Lo scenario tracciato da tonnellate di carte giudiziarie e migliaia di intercettazioni telefoniche ci dice che il fascino dei padrini corleonesi resiste quasi esclusivamente nella testa dei nuovi mafiosi. Che spesso hanno cognomi antichi, come i Lo Bue, i Gariffo o i Grizzaffi (di Giovanni Grizzaffi, tutti attendono la scarcerazione nel 2018).

Sono i parenti e amici di Totò u curtu e Binu u tratturi che sarebbero tornati a comandare Corleone. Le recenti indagini ci dicono che la tradizione serve ancora ad alzare la voce in una grossa fetta di provincia, ci sono dei contatti con alcune famiglie palermitane e agrigentine, ma siamo lontani dai sanguinari fasti dei peri ‘ncritati che tre decenni fa si mossero da Corleone alla conquista del capoluogo. “Ah se ci fosse Riina”, dicono i nostalgici di quella stagione di violenza. Si rammaricano per la loro assenza e ne parlano al passato.

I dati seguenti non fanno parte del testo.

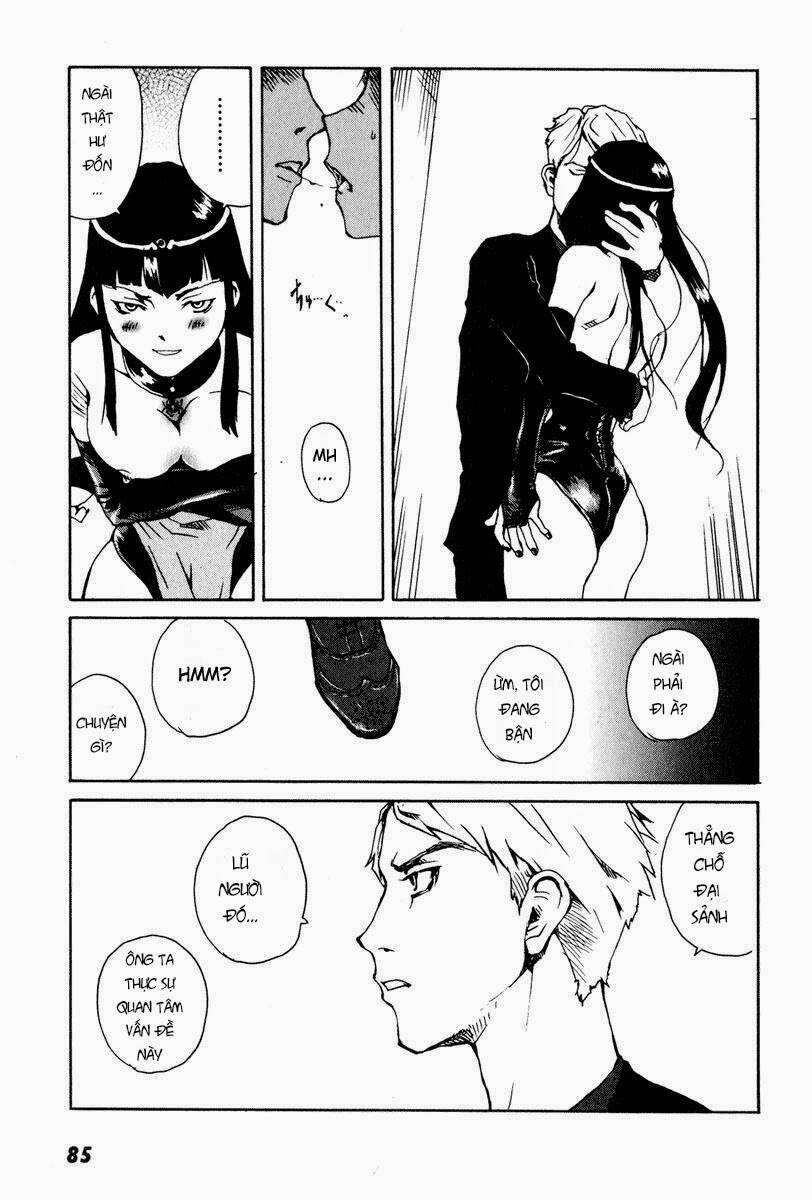 toukyou akazukin chapter 3 11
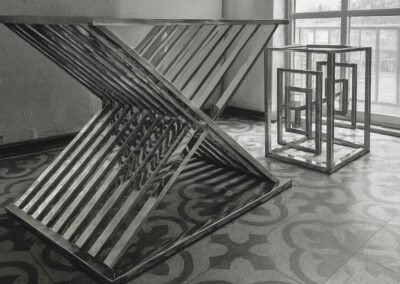 Herrería decorativa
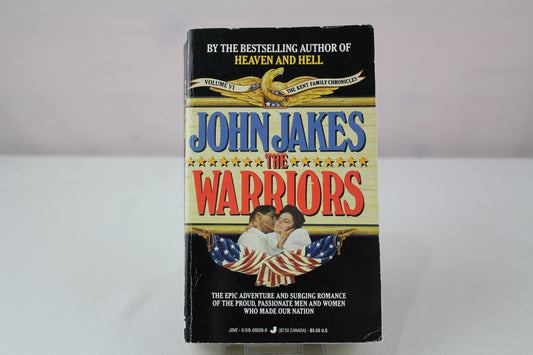 Warriors by John Jakes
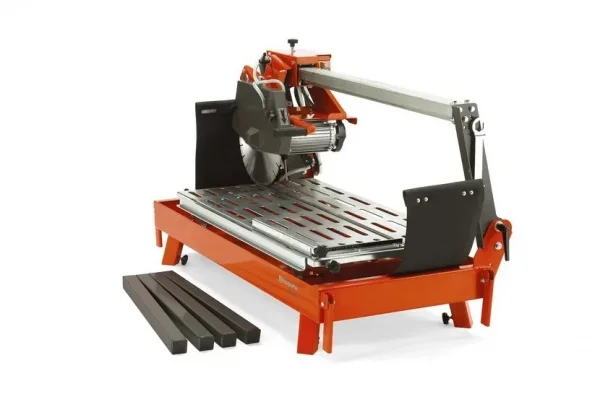 Husqvarna ts 300 e troncatrice da banco per laterizi 350 mm 965154002 - dettaglio 5
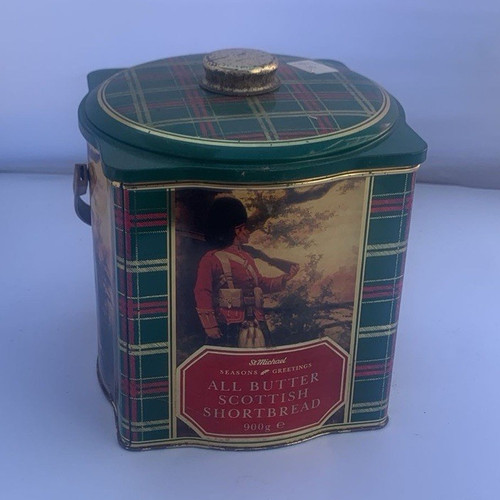 Marks spencer all butter - spencer,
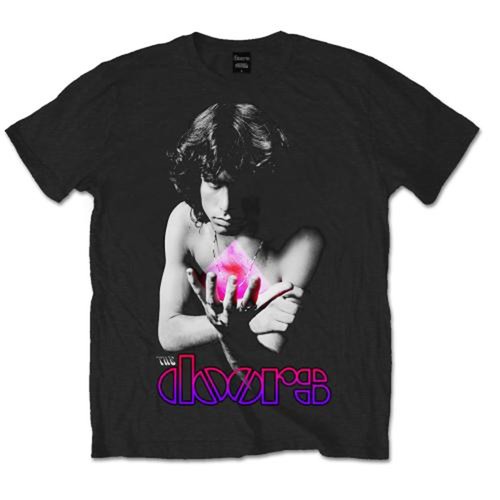 Jim morrison psychedelic king - psychedelic,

A chiudere la parentesi ha contribuito soprattutto l’arresto degli ultimi grandi padrini. Provenzano, ma anche Nino Rotolo, boss di Pagliarelli, il più fedele difensore dell’ortodossia corleonese a Palermo. Ed era pronto alla guerra con il nemico numero uno, quel Salvatore Lo Piccolo che si era messo in testa di sponsorizzare il rientro in città degli Inzerillo e dei Gambino, rampolli delle famiglie degli scappati in America per evitare il piombo corleonese. Finì che arrestarono tutti e gli animi si calmarono.

I corleonesi sopravvivono nel mito che affascina i giovani, ma anche nella mentalità di qualche vecchio che, tornato in libertà, tenta, a fatica, di fare valere le vecchie regole di Cosa nostra. Il potere, quello vero, dicono gli investigatori, è altra cosa. Persino il più corleonese dei non corleonesi, Matteo Messina Denaro, è indaffarato a nascondersi chissà dove, piuttosto che ad esercitare il potere nel territorio. È un fantasma. Chi batte un colpo ogni tanto, invece, è Giovanni Brusca, altro corleonese doc, che dice di essere diventato un uomo diverso, non più il crudele sanguinario che strangolava i bambini e li scioglieva nell’acido. Nonostante qualche marachella commessa sotto programma di protezione, lo Stato lo ha perdonato più volte e gli assegna dei permessi premio per trascorrere dei giorni fuori dal carcere.